== Information supplied
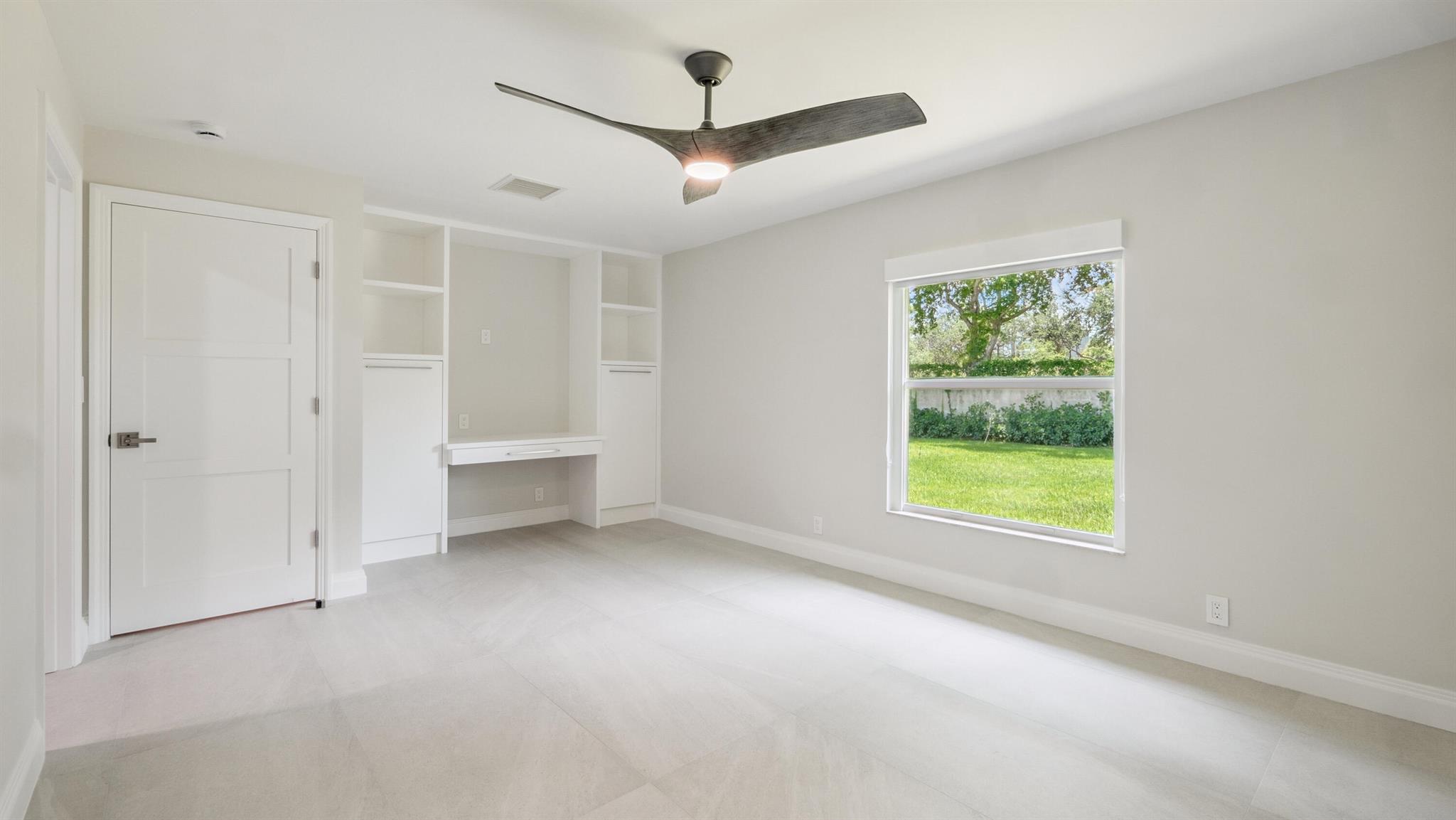 2839 Banyan Boulevard Circle NW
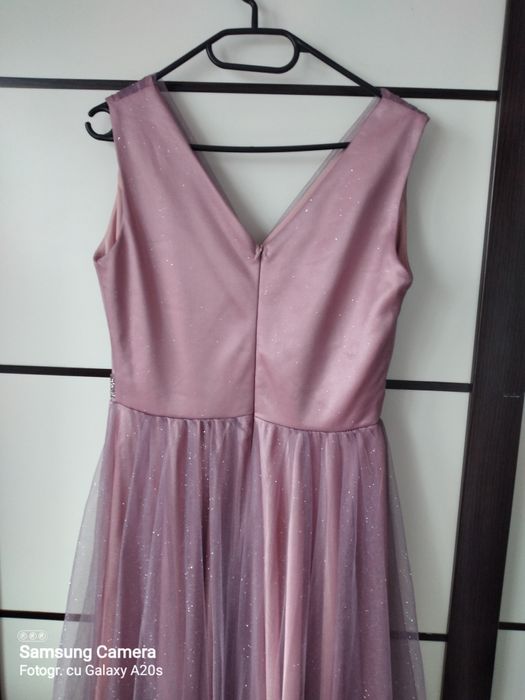 Vând rochii impecabile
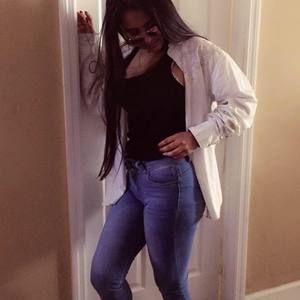 Meet your Posher, Rocío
====
→ **Exercise**
Leave the pictures out and output all of the data verbatim.

→ **Response to the task**
 2839 Banyan Boulevard Circle NW
 Vând rochii impecabile
 Meet your Posher, Rocío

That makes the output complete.